When it comes to dating, disclosing the particular religion or spirituality you happen to follow would seem to be relatively unimportant. In the overall grand scheme of things, it would seem that having a basic connection is more important, and there are plenty of different topics to discuss before even thinking about bringing up the subject. After all, how often do religious views come into play during the first three dates? The first five?
If I had to make a general estimate, I would say that they don’t. Unless you make it a deciding criterion in finding someone, such issues are not as important. This seems even truer when you look at the LGBT or queer community. There is a general assumption that we all tend to either follow a spiritual path, or something other than Christianity, as most of us are probably too scarred from earlier experiences with ostracism and bullying, or we’re still battling inner demons of guilt or inadequacy.
But the question still stands. When dating someone, when do you reveal your religious or spiritual leanings? For the most part, many online dating and other social sites take the guesswork out, letting you fill that information in from the get-go. This system generally has two manifestations, with either (a) choosing Wicca or (b) choosing the more generic “Spiritual.” But each of these two issues can present new predicaments.
With the first point, it doesn’t seem too major, until you remember that in a spiritual movement that emphasizes the importance of forging a personal path, semantics can play a major role. While there are those who identify as Wiccan, there are just as many, if not more, that do not use that identifier. Perhaps they choose the term Witch, Pagan, Neopagan, Heathen; the list could, in fact, be almost inexhaustible.
When it comes to the term “Spiritual,” while it adheres to the idea of being politically correct, there is something almost troubling, not just about the generality, but also the attitudes and assumptions that seem to go along with it. For whatever reason, it seems that many people see the “Spiritual” label as a lack of focus or dedication. As Witches, Wiccans, Pagans, or whatever term we choose to identify by, we know that there could be nothing farther from the truth.
These, of course, are only the initial issues. After all, there is no guarantee that anyone actually will see this information, nor is it certain that we won’t decide to just leave it blank. If either of these is true, then there are some other issues that must be taken into consideration.
Dating opens up our personal space to another person. As Witches, our altars are an important part of that personal space. Many of us have semi-permanent altars, while some of us have adopted more temporary altars out of need for space or other considerations. In either case, there is the lingering question about what happens when your significant other just happens to walk in and see your altar. There are the obvious questions, then it becomes a battle against Hollywood fantasies and social stereotypes if you aren’t lucky.
Holidays are another issue. While some of the Sabbats are fortunate enough to line up with other mainstream interpretations, there are others that lack this synchronicity. The more long-term the relationship, the more likely, it would seem, that you would be questioned about why you disappear to “go camping” or “meet up” with “friends” that your significant other may have never met.
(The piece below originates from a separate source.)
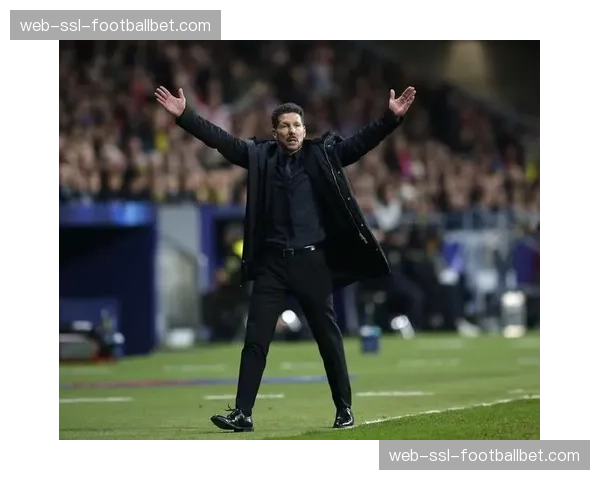 场边花絮:大雨中主帅西蒙尼的西装已成“经典”,球迷制作表情包走红网络 场边花絮:大雨中主帅西蒙尼的西装已成“经典”,球迷制作表情包走红网络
Before too long, jealousy and suspicion are likely to kick in, and after that point, it’s liable to take more than a simple plea for space to alleviate those concerns.
Let’s say that you decide to introduce your significant other to members of your coven. And let’s suppose that while they are going along with this, they become aware of how involved you all are in one another’s lives. A new series of questions comes into play, as they worry about how much you’ve told your coven-mates about them, about your relationship. It may be viewed as a breach of trust.
One could say that there is a similar issue when it comes to your personal Book of Shadows. While the overall content depends upon your own tastes and predilections, some, if not most of us will also include personal musings, rantings even. Should a significant other happen to stumble across your Book of Shadows, one would hope that they are mature enough to keep from reading, but, as we are all human, there is as much likelihood that such will not be the case.
So much of dating is founded in uncertainty. After all, we cannot predict the other person’s behavior. At some point, we have to open up about things, whether we want to or not. Generally, we hope for the former. That seems to be easier to deal with, at least on a personal level. This is true for any number of issues, but in the interest of this article, it’s restricted to our identity as Witch or Pagan.
However it comes out, if the person reacts poorly, and decides that it’s a deal breaker, then I guess you know that they really weren’t the guy or girl for you. And when it comes to those people who avoid you because they see it on your profile, remember: it’s their loss, not yours. Those people have allowed that one label to become the entirety of who you are. And while we understand that our identity as Witch or Pagan informs the many aspects of our lives, we are also aware of the fact that we are ultimately so much more. There are some people out there willing to see the same as we do, regardless of their own identifiers. And then there’s always the possibility that we will find a nice Witch or Pagan to settle down with. There’s no definitive answer to the situation. You just can’t rule out any possibilities.